Source records >>
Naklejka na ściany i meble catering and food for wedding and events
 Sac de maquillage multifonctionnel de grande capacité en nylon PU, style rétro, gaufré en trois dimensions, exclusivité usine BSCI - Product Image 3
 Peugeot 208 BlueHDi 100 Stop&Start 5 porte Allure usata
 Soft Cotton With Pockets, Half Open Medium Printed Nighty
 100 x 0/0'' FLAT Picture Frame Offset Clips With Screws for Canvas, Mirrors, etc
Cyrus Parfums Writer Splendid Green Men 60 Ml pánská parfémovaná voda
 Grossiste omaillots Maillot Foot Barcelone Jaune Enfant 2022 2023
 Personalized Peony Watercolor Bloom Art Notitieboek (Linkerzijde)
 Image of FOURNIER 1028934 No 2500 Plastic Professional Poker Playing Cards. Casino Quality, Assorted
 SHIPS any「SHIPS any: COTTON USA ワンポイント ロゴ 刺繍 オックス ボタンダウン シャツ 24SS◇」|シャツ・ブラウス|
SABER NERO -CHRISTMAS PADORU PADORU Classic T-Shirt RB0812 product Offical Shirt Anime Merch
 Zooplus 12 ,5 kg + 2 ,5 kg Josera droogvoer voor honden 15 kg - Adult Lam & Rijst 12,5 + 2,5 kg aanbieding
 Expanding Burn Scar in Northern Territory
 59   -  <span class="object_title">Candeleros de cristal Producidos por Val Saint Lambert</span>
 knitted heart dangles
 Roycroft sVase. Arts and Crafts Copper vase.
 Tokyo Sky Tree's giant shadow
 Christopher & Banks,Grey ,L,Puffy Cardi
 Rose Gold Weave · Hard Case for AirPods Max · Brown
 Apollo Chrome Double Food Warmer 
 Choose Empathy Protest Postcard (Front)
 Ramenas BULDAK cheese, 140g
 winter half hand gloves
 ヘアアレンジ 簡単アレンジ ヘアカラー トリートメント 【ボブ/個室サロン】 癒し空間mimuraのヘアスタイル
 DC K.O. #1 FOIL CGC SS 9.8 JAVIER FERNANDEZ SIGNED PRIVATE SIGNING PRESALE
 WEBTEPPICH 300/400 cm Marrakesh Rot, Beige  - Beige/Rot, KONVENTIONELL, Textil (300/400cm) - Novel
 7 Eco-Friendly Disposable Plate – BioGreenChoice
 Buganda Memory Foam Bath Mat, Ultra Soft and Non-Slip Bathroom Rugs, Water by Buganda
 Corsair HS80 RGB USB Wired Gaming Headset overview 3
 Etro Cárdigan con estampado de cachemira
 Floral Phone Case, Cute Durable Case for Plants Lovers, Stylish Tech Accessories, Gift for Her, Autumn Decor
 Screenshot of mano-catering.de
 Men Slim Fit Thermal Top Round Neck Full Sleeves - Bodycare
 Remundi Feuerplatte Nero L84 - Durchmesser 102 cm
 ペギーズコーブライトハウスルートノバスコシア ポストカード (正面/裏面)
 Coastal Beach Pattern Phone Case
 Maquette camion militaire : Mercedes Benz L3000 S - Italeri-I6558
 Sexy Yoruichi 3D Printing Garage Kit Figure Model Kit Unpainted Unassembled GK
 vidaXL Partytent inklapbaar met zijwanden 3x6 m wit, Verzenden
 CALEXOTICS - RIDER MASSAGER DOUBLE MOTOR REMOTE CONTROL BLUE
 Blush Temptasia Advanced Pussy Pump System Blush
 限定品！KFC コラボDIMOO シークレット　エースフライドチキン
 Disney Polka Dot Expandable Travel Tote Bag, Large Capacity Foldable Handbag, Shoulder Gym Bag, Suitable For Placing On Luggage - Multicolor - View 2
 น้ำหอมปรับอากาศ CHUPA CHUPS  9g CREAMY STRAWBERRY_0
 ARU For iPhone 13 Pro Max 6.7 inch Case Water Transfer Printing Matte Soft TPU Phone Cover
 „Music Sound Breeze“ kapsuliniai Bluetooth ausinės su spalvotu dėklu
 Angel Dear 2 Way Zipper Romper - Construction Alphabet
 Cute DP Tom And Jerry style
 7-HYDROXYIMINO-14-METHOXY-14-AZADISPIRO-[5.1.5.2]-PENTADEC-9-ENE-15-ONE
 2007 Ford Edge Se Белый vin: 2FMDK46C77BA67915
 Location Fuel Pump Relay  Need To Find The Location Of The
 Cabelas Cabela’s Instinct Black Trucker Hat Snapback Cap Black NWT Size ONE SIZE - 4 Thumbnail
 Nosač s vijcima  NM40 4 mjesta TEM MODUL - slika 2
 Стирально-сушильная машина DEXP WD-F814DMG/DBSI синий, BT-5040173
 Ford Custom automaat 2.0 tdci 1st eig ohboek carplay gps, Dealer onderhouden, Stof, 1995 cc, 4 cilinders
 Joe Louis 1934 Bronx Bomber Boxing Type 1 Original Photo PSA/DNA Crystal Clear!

TASK REQUIREMENTS >>
Filter the entries above and keep only the lines with the word "catering".

WORKED SOLUTION >>
Naklejka na ściany i meble catering and food for wedding and events
 Screenshot of mano-catering.de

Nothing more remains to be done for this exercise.